Key institutions will be populated by individuals play-acting at the workplace year after year

The writer is a Research Fellow at the Pakistan Institute of Development Economics. He tweets @AbbasMoosvi

In a recent publication by the Pakistan Institute of Development Economics (PIDE) titled Is Work Only Meetings?, it was documented that government officials spend an average of 5-9 hours a day on meetings alone. These meetings are generally thought of as staff engagements that purport to involve high level discussions on matters of grave importance. They can be broken down into ‘pre-meeting’ meetings that accumulate to 1-4 hours, the meeting itself that usually totals to around 2-4 hours, and ‘post-meeting’ meetings of 1-3 hours — all funded by taxpayer’s money.

Not to mention the fact that in the majority of cases most participants are not exactly sure what the overarching purpose of the meeting is, what their specific role is, and whether anything substantive is expected to emerge from the huddle. In many cases, these engagements are meant to serve a purely symbolic function whereby time is killed under the guise of work. Similar to virtue signalling, this phenomenon may aptly be deemed ‘conscientiousness signalling’ — a theatrical performance to convey the message that some important activity is taking place.

David Graeber, in his book titled Bullshit Jobs, highlights how these kinds of pastimes are not exclusive to the public sector thus emphasising their ubiquity in private corporations. The reason for this is psychological i.e. management’s desire to be pleased and complimented by those underneath them in order to feel wise and ‘in charge’ at all times — something that is even more heightened in Pakistan due to its colonial heritage and deeply entrenched institutional norms. This is evidenced by the frequent photoshoots of official meetings in which a designated media officer is assigned the role of rushing around the room with a DSLR to take aesthetic photos of everyone and then uploading carefully curated sets on social media for public consumption.

One of the primary reasons why employment has taken on a purely symbolic nature around the globe over the past few decades is that the idea of ‘work’ has been linked to notions of morality. Initiated during the early stages of the Protestant revolution, the belief was that if one were constantly busy or at the service of some task then salvation in the afterlife was more or less guaranteed. In other words, it did not matter whether anything useful or worthwhile was being done; what mattered was how occupied someone was, which was equated to the ‘enhancement of God’s kingdom on Earth’. The implication here of course was that idleness was the ultimate sin; that being still was a sure shot strategy to achieve eternal damnation. This idea perforated across time, space, and cultures, and is commonplace even today, accepted as the default state of affairs.

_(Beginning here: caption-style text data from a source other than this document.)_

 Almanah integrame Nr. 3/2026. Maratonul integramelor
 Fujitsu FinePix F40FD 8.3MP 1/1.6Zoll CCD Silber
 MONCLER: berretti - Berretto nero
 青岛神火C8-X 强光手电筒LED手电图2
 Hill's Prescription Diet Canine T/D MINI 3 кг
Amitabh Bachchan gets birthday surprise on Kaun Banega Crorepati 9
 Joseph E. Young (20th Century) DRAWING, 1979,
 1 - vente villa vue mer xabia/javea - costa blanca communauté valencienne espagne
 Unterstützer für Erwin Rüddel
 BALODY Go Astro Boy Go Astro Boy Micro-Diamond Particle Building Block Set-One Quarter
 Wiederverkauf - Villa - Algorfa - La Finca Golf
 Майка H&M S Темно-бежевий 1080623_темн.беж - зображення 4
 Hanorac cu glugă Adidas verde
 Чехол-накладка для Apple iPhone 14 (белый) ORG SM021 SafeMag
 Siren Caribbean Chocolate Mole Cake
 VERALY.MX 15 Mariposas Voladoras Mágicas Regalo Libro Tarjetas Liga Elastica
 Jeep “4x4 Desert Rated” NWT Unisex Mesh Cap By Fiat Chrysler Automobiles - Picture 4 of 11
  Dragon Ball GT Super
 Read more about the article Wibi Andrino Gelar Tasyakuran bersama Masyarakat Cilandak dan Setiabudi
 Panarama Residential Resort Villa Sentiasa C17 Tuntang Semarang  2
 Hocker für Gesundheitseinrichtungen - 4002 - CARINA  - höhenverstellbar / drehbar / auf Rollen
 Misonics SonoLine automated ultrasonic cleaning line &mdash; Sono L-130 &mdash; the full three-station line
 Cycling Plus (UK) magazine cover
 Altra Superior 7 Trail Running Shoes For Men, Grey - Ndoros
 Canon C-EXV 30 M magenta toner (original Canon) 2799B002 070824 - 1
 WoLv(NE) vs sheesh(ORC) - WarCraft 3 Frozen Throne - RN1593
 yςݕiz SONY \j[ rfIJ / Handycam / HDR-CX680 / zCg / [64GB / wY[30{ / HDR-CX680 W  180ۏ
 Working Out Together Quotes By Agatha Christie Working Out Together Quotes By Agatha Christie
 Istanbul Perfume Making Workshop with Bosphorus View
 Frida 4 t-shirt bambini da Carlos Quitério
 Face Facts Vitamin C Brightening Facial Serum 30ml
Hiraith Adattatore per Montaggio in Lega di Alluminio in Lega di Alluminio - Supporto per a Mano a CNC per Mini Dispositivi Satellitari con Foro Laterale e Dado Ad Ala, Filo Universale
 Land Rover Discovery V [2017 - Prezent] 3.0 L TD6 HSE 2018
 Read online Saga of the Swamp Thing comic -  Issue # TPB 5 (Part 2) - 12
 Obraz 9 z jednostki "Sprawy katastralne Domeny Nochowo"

Naturally, the net impact of all this was to optimise institutions not for performance or efficiency but for activity, regardless of how useless it was. In the global public domain, incentive structures are such that parties in power are compelled to deliver results in a predictable, routinised, and tangible manner largely due to the ever-present threat of ouster by the people come election day in case of failure. In Pakistan, governments are not accountable to the citizenry at large. Instead, they answer to other actors — landed elites, men in uniform, industrial hubs, and other ‘power centres’ that determine whether parties return to power following a particular term in office.

Unless this elaborate system of gatekeeping is not overhauled by radical democratisation via land reforms, liberation of unions and associations, major cuts to non-development and non-combat defence expenditures, and genuine empowerment of local body governments, the state apparatus will continue to be captured by elites and used to enhance personal wealth. Key institutions will be populated by individuals play-acting at the workplace year after year, which has unfortunately been Pakistan’s story since its inception.

 

Published in The Express Tribune, July 18th, 2022.